[What you have to do]: Could you transcribe every record below exactly as written, leaving out any pictures?

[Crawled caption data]

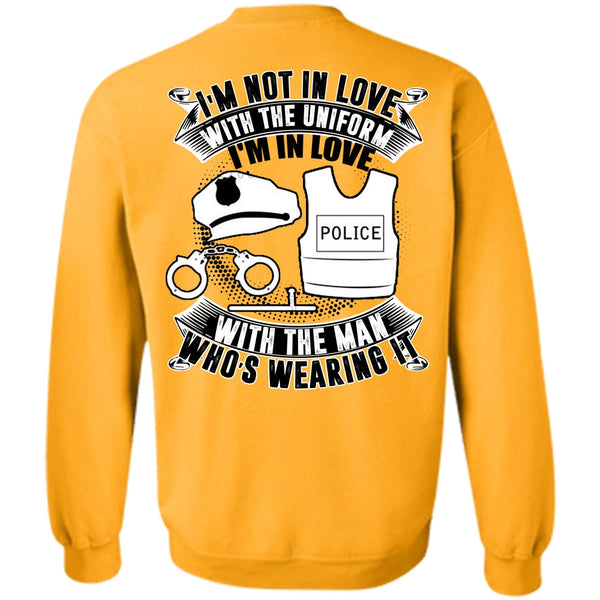 I Love Police T Shirt, I'm In Love Police With The Man Sweatshirt
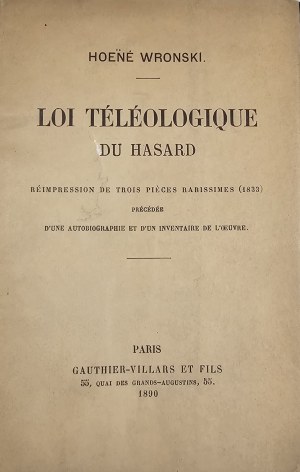 Hoene Wronski [Joseph Maria] - Loi téléologique du hasard. Nachdruck von drei seltenen Stücken (1833), vorangestellt eine Autobiographie und ein Werkverzeichnis. Paris 1890 Gauthier-Villars et Fils.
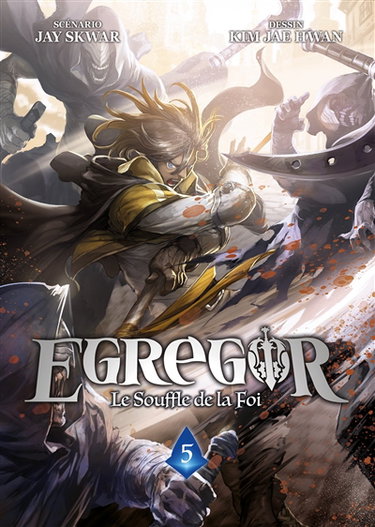 Couverture de Egregor : le souffle de la foi. Vol. 5. L'appât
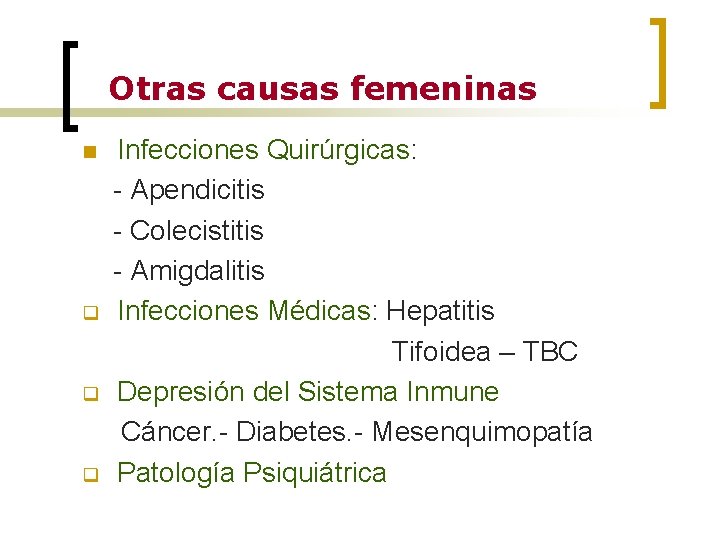 Otras causas femeninas n q q q Infecciones Quirúrgicas: - Apendicitis - Colecistitis -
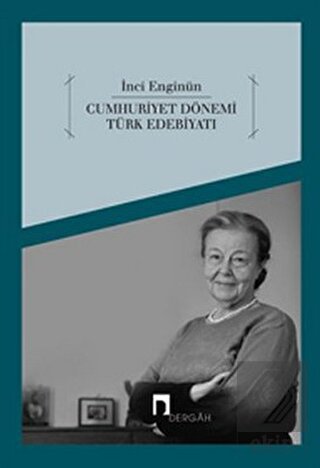 Cumhuriyet Dönemi Türk Edebiyatı İnci Enginün Dergah Yayınları Satın A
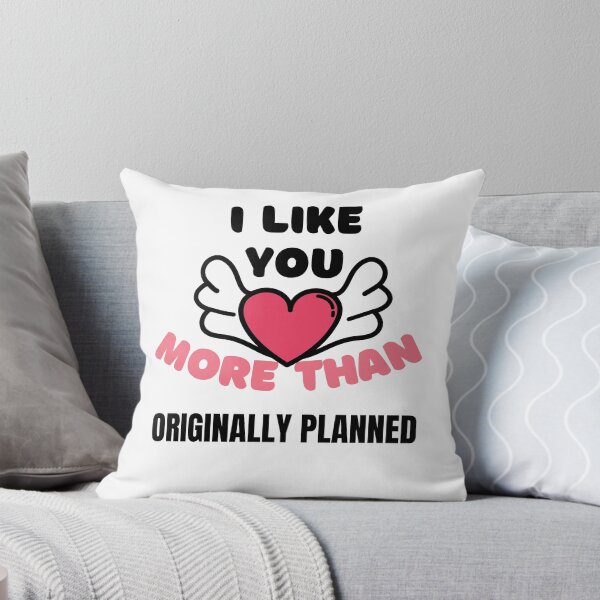 Item preview, I Like You More Than Originally Planned designed and sold by momsnpops.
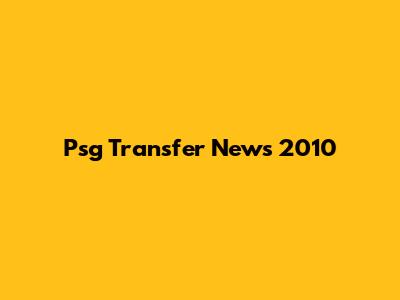 Psg Transfer News 2010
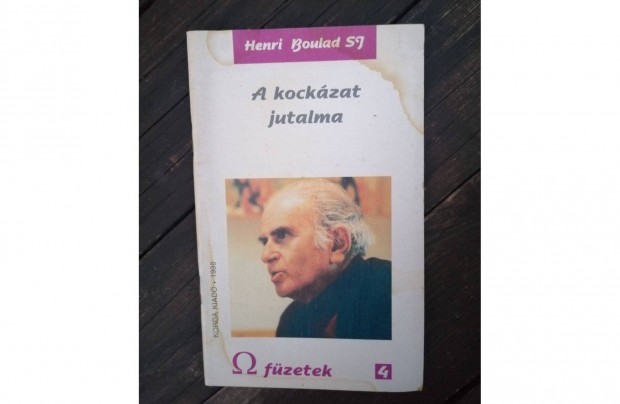 P. Henri Boulad S. J. A kockzat jutalma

[Output for this task]:
 I Love Police T Shirt, I'm In Love Police With The Man Sweatshirt
 Hoene Wronski [Joseph Maria] - Loi téléologique du hasard. Nachdruck von drei seltenen Stücken (1833), vorangestellt eine Autobiographie und ein Werkverzeichnis. Paris 1890 Gauthier-Villars et Fils.
 Couverture de Egregor : le souffle de la foi. Vol. 5. L'appât
 Otras causas femeninas n q q q Infecciones Quirúrgicas: - Apendicitis - Colecistitis -
 Cumhuriyet Dönemi Türk Edebiyatı İnci Enginün Dergah Yayınları Satın A
 Item preview, I Like You More Than Originally Planned designed and sold by momsnpops.
 Psg Transfer News 2010
 P. Henri Boulad S. J. A kockzat jutalma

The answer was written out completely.